(Exercise input)
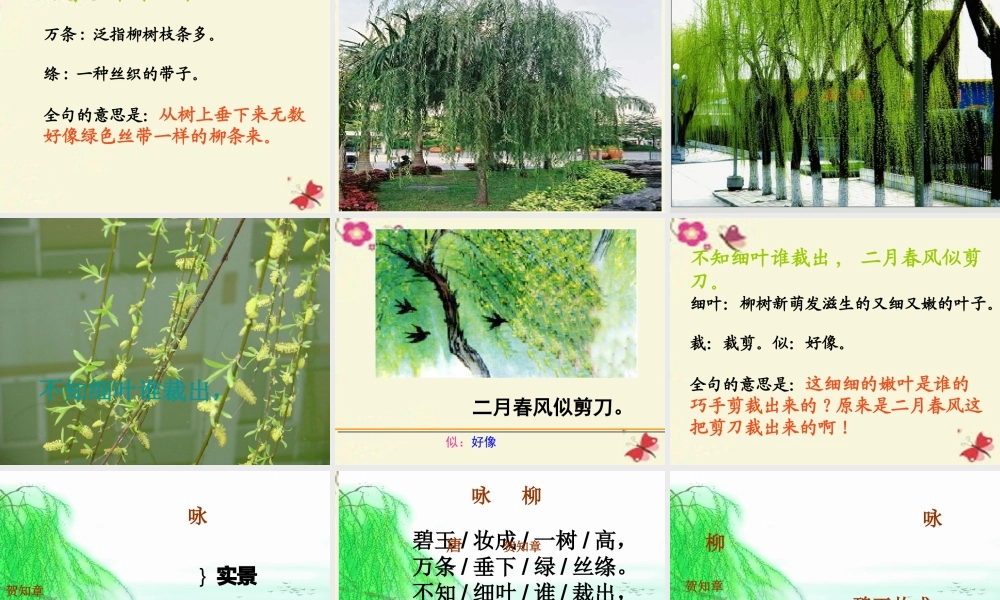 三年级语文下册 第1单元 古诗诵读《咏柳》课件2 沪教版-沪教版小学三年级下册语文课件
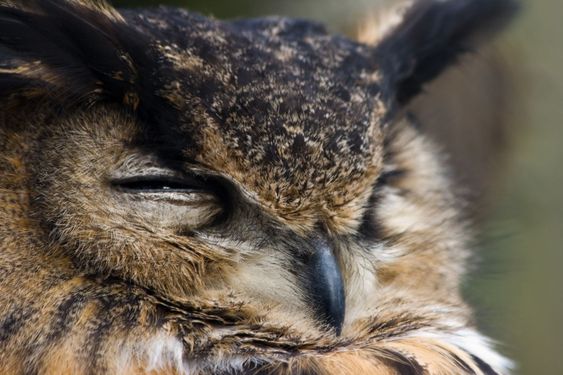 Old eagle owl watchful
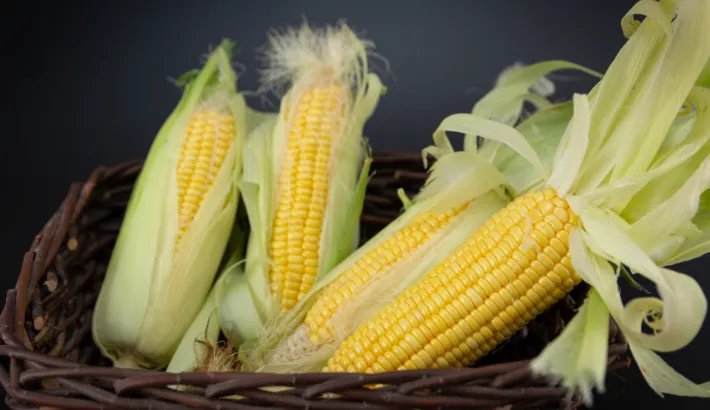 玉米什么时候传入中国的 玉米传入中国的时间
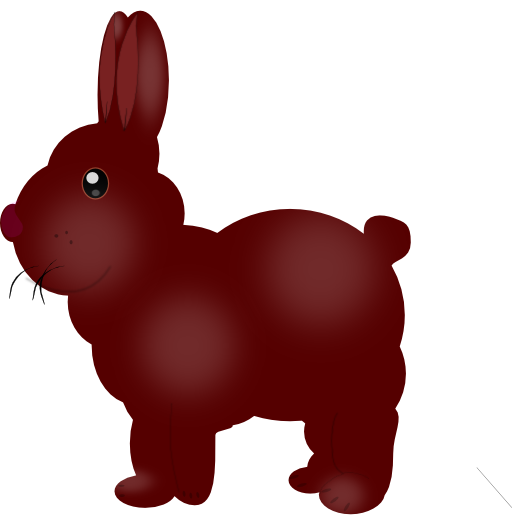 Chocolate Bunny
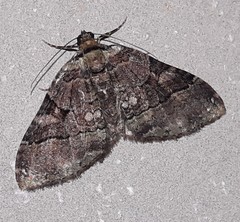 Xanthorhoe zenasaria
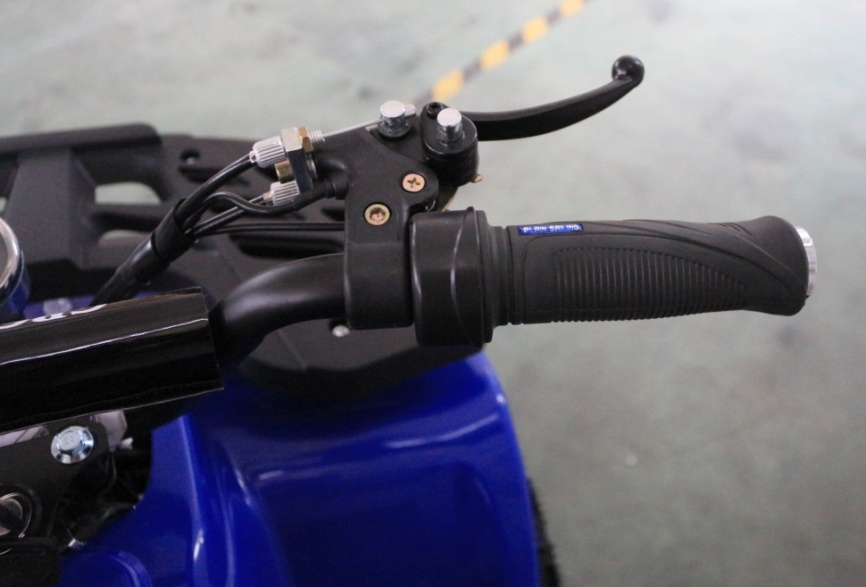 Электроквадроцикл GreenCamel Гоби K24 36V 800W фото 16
(End Exercise input)
> **Problem requirements**
Set down only the lines from the one with "Xanthorhoe zenasaria" through the end of the entries, exactly as they appear, leaving out each picture.

> **Exercise response**
 Xanthorhoe zenasaria
 Электроквадроцикл GreenCamel Гоби K24 36V 800W фото 16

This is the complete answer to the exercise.